Monday, 30 July 2012

Lets Eat Spaghetti Bolognese

Perfection!

I've had a bit of a hiatus from blogging over the past couple of weeks - head down, bum up with work, and another rotten cold - though have still managed to whip up a few nice dishes, and we've also had a few small foodie adventures here in Sydney. More to come on that soon.

When I say "whip up" though, this post is the opposite of that. It's slow cooking. It's a meal that we shared as kids almost every winter Sunday and one that evokes special memories of my father as he was always the one to cook this meal. I'm talking about spaghetti bolognese, or just plain "spaghetti" as it was known in our house. To say we loved it was an understatement. Dad would start cooking his sauce immediately after breakfast on Sunday and the smell would fill the house, and it would bring us indoors from playing outside in the winter evenings.

I know pretty much everyone has a version of their own special spaghetti sauce, and I think I've pretty much perfected mine, and it's taken a few years to get the flavours right that we enjoy. My recipe has lots of ingredients and it takes time, but it pretty much gives me the same warm comfort as when my Dad made it. I hope you enjoy it too.

How long will it take to make? About 4-5 hours all up, so plan to make it on a day when you'll be home and able to pop your head into the kitchen to check on it.

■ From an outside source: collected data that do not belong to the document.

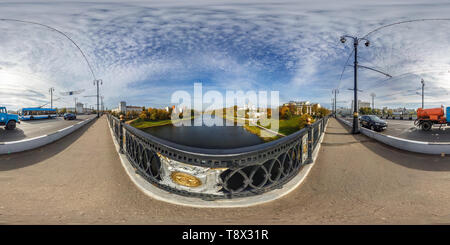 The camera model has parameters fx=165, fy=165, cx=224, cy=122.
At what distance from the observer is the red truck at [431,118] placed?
10375 mm

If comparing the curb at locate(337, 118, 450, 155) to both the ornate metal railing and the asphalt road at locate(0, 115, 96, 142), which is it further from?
the asphalt road at locate(0, 115, 96, 142)

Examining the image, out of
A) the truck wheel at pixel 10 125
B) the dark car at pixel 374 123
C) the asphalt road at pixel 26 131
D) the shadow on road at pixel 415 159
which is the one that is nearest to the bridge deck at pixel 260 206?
the shadow on road at pixel 415 159

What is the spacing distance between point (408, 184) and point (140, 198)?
5.21 metres

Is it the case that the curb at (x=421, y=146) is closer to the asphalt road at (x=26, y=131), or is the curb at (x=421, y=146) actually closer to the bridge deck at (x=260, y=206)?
the bridge deck at (x=260, y=206)

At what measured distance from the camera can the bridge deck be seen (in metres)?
2.39

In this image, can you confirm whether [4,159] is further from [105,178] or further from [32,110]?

Why so long? Because you want your sauce to have the best flavour and consistency. Rich and creamy, not watery and bland. A sauce that sticks to every piece of your pasta. A sauce that your family and friends will remember you for.

How much will it make? This makes about 3 litres (roughly). Enough to put 5-6 meals away into the freezer.

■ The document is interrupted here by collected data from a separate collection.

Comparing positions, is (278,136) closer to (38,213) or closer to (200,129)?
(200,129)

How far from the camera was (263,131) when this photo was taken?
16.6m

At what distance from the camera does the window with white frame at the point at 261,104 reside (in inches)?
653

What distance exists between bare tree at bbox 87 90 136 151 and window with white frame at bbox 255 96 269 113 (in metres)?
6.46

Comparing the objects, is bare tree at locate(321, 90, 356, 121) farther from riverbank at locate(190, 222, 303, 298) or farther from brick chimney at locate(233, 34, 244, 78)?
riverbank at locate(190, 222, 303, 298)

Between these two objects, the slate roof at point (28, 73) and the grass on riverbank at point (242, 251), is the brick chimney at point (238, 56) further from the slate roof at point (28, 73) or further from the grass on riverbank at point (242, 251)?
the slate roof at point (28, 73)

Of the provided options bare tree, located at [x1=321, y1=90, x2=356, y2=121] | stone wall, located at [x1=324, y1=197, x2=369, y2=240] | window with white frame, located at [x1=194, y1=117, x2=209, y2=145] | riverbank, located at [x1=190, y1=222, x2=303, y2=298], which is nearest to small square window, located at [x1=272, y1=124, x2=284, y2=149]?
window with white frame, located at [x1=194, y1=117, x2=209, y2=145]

Gently cooking the mirepoix

Start by chopping all your vegetables and herbs and adding to a large sided pot. The vegetables for the mirepoix should all be chopped the same size. Key to this part of the process is adding plenty of olive oil (I use really lean meat hence the higher quantity of oil). I've used carrot, onions and celery which is a traditional French mirepoix. I don't use garlic at all, which is something my Father would vehemently object to, I don't think it needs it.


I cook the mirepoix over a medium heat and I put the lid on so they sweat and become really translucent. Add salt at this point as it will help prevent any burning. You don't want any colour or caramelisation on the vegetables at all. I also add all my hard herbs at this point; that's bay leaf, rosemary and thyme.
Once the mirepoix is cooked sufficiently add the meat in and brown this all over. Some recipes call for this to be done in batches, but I don't think it matters, so long as you ensure that you brown it all over before adding the next ingredients. I use a 50:50 ratio of beef and pork for a richer flavour. If you don't want to use pork, just substitute for all beef.

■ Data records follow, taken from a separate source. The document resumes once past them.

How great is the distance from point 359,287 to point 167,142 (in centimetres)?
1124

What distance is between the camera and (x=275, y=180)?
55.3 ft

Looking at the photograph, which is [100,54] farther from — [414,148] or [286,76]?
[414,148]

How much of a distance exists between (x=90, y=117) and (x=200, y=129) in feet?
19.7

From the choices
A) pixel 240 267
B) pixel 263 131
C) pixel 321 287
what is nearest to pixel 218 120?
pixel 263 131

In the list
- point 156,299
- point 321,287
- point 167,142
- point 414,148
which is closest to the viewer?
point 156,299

All ingredients in the pot

Taste it to ensure you've got the salty/sweet balance right, but bearing in mind that you're only getting an uncooked taste and that the flavours will continue to change as it cooks - so you'll need to keep on tasting it.

After 2 hours cooking

After a couple of hours of cooking (with the lid on) the flavours will really begin to come together and you'll see some separation of the olive oil. It should still have a lot of liquid.
After 3 hours cooking

At around three hours of cooking the sauce will really be starting to thicken up and the flavours will be really rich and a million miles away from when you first tasted it. You'll still have some liquid in the pot and you'll be seeing a lot more separation of the olive oil.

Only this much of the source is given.